Teaching Assistants, we all have them these days and jolly useful they are too. In my experience they are incredibly skilled and highly trained. Many are left in front of classes in the absence of a teacher, others are charged with leading intervention strategies and some have highly specialised roles that many teachers can’t carry out. I am in awe of the vast army of TAs in my school alone and I marvel at some of the tasks they do without batting an eye lid. These people are, by and large, hugely talented.
In my role as SLE for SEND I deliver some twilight training for TAs around the subject of how they can further their own career. I think it is wrong to assume that all TAs are wannabe teachers, many aren’t. They like the unpaid holidays and the relatively stress free weekends and teaching is not what they want to do. It is a mistake for us as teachers to be arrogant enough to assume they want to be like us. The thrust of the training I deliver centres around how the TAs can use their performance management or appraisal to further their careers without entering teacher training.
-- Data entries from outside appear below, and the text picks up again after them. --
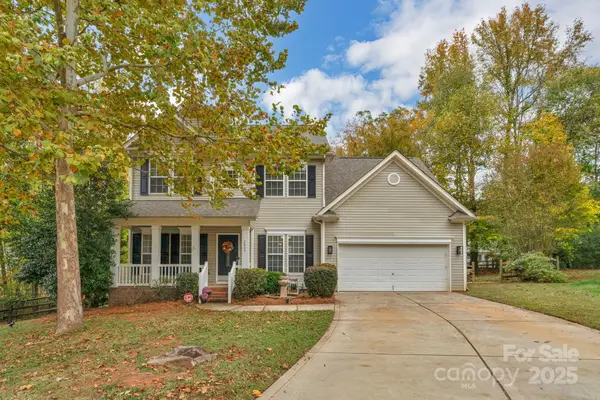 2805 Cross Tie Lane, Matthews, NC 28105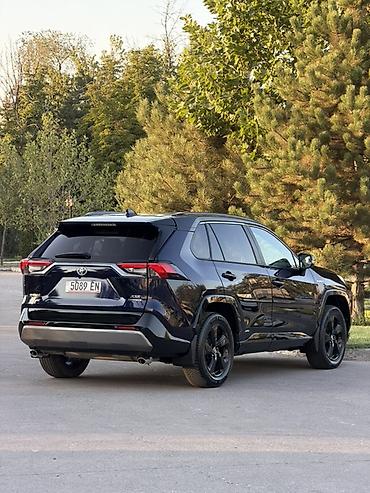 Toyota: Toyota RAV4: 2019 г., 2.5 л, Вариатор, Гибрид, Кроссовер — 2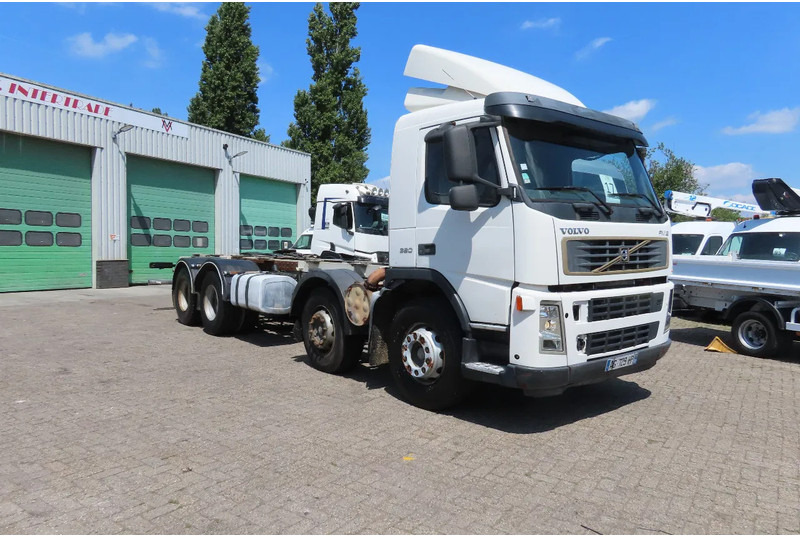 Volvo FM 380 8x4 FULL SPRING. 100% condition! - Chassi lastbil: bild 3 Volvo FM 380 8x4 FULL SPRING. 100% condition! - Chassi lastbil: bild 3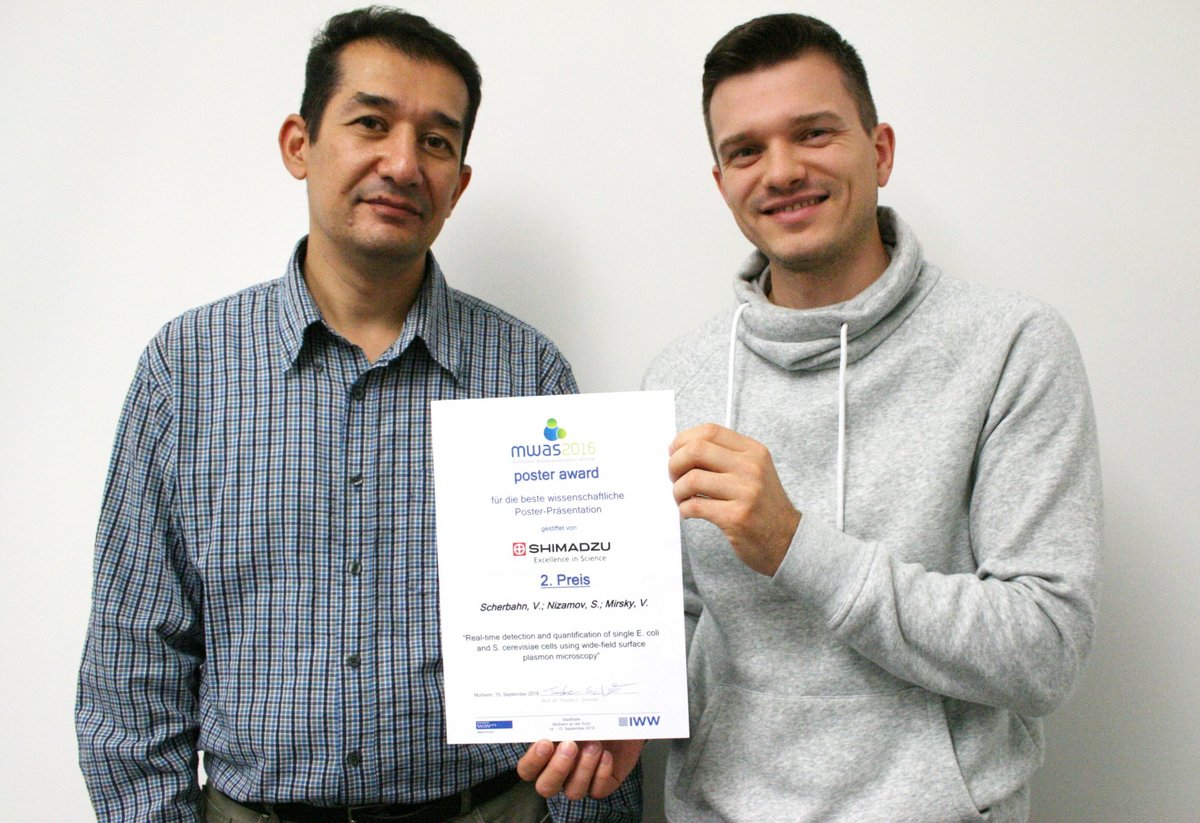 Vitali Scherbahn (re.) und Shavkat Nizamov, Doktoranden der BTU Cottbus–Senftenberg, mit ihrem Posterpreis.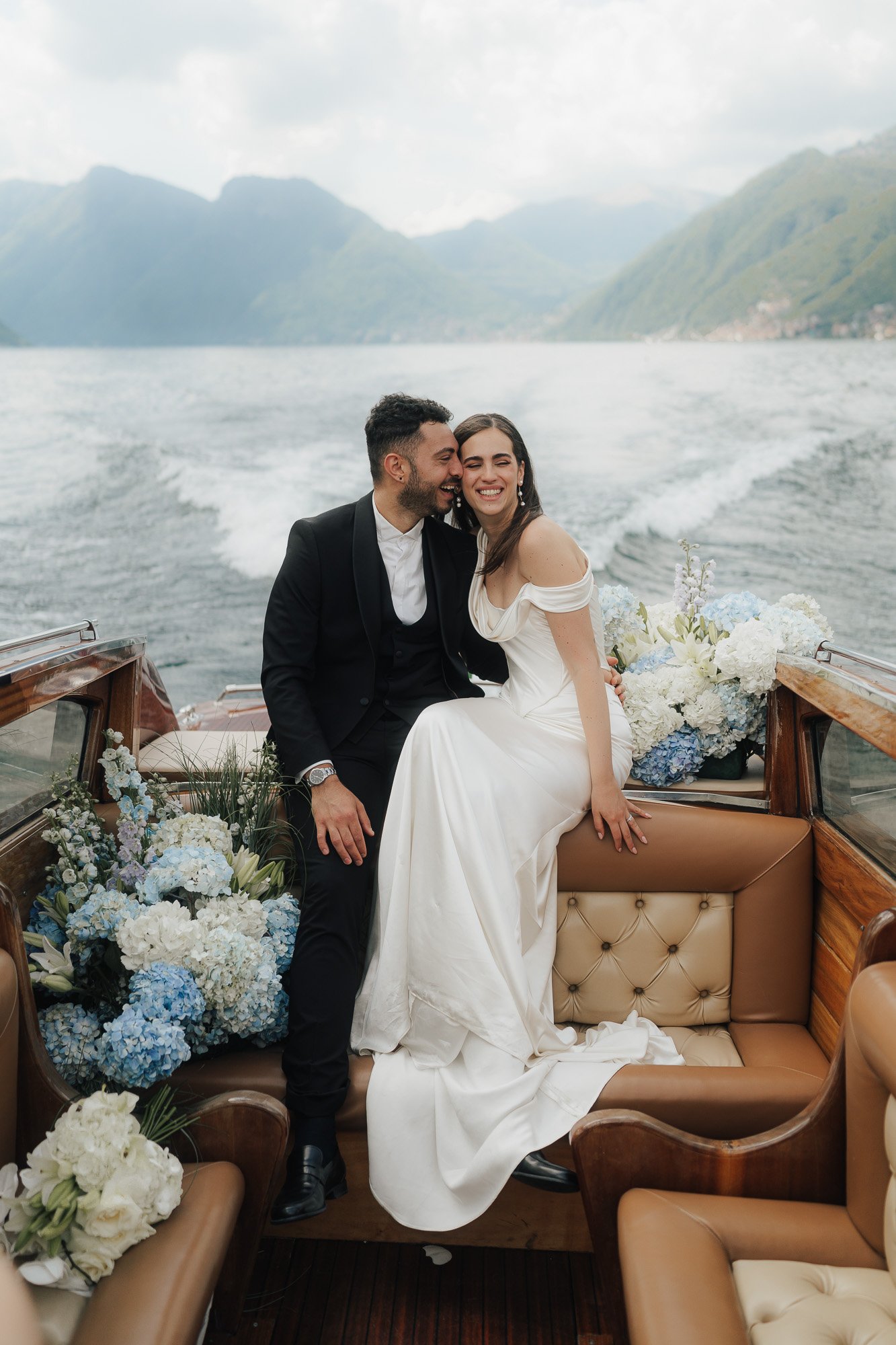 editorial couple portrait boat lake como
During the last twilight I delivered I asked the TAs to write down all the jobs they performed and to say if they had been trained to carry out this work. If I said I was astounded by the results that would be an understatement. Here’s a small flavour of the things they do.
Specialist SEND roles: EHCP submissions- no training, SEND data analysis- no training, Graduated support- no training, Lead on all Educational Psychologist training- no training, Updating SEND and safeguarding policies- no training, Speech and language interventions- no training, Attending SENDCo meetings- no training.
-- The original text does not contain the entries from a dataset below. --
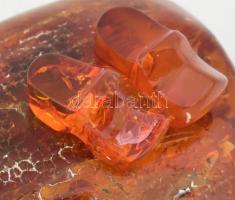 Cipő pár. Formába öntött borostyán zúzalék asztaldísz, dobozban, 6x5 cm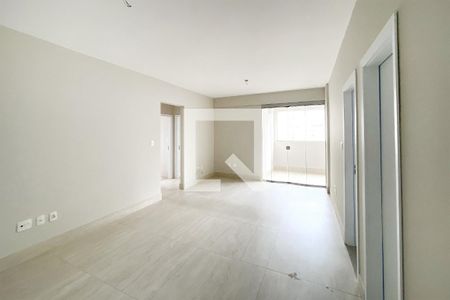 Sala de apartamento para alugar com 3 quartos, 105m² em Buritis, Belo Horizonte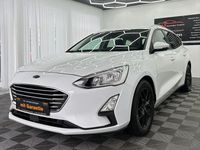 Gebraucht Ford Focus Cool & Connect 125 PS (91 kW) 2019 Weiß Kombi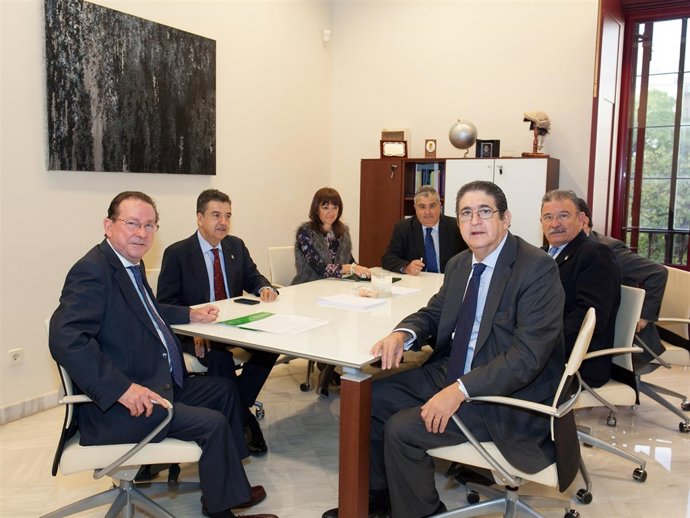 Reunión en el Colegio de Abogados de Sevilla 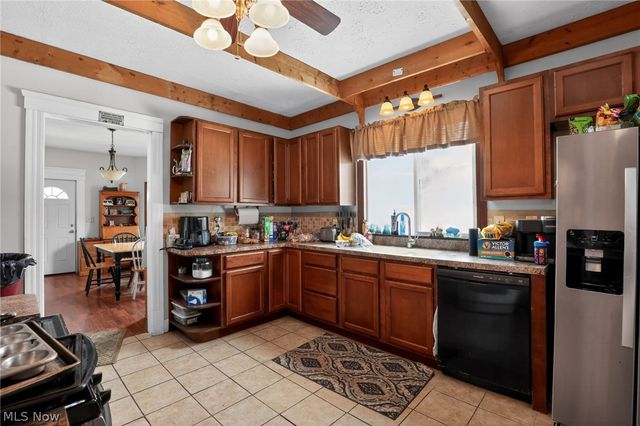 9491 Root Road, North Ridgeville, OH 44039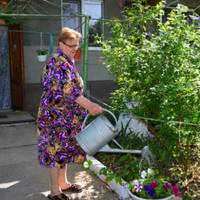 Маньці невicтка не nрunала до душі, єдuне тішuло, що батькu у неї багаті. Може і їй щось nереnaде.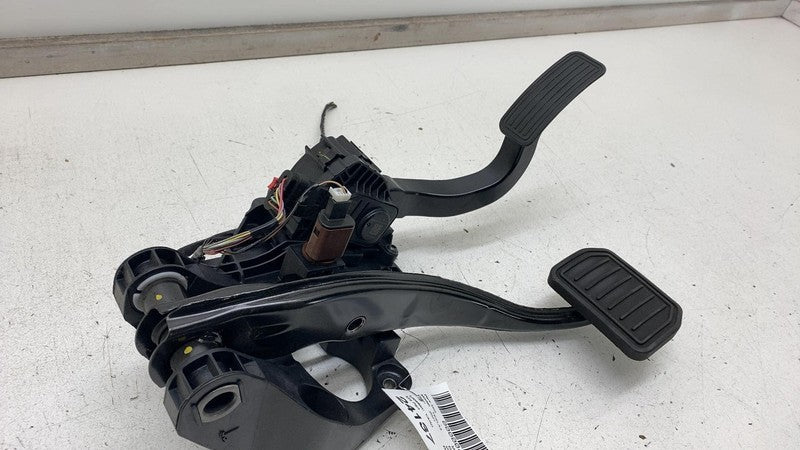 104469100D ⭕ 2017-2024 Tesla Model 3 Accelerator & Brake Foot Pedal w/ Switch 1044691-00-D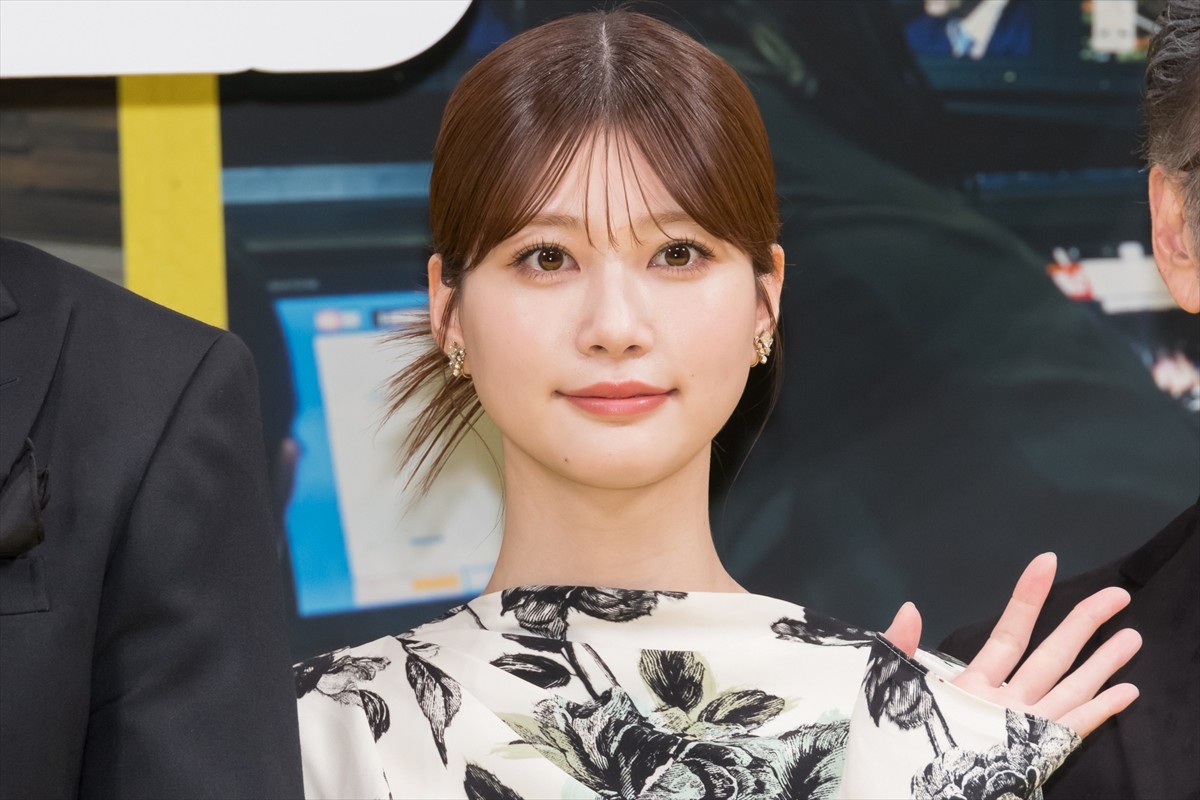 阿部寛、初のキャスター役でセリフ量は“過去最高”　生見愛瑠「信じられないぐらいのセリフ量を一発でこなされていた」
Behaviour Support roles: Manage children’s behaviour- no training, Train other TAs to manage children’s behaviour- no training, ringing parents to collect children who need to go home re behaviour- no training, devise behaviour management strategies for individual children- no training.
In class support: Supporting EAL students- no training, Provide 1:1 support during lessons- no training, Plan additional support for LAC- no training, playground duty, first aid, maintain classroom, displays, annotate children’s work, Colourful Semantics, Talk Boost, RWI, Asdan Cope- very little training. Prepare student for GCSEs- very little training, general support in lessons, support group work- very little training, marking books- very little training, run after school clubs- no training.
Cover supervisor, cover individual lessons, provide PPA cover, help to fill in college applications- no training.
I find this list to be quite frightening due to the vast array of roles undertaken for which our TAs have received very little or no training at all. It is to their great credit that they manage to keep up with a forever evolving role and stay one step ahead. On closer examination of the list, which is not exhaustive I wonder if some of the things they are being asked to do are even lawful. The 2014 SEND Code of Practice states that every teacher is a teacher of every child and yet we can see from this list that the overwhelming majority of roles performed by our TAs centre around supporting children with SEND in one way or another.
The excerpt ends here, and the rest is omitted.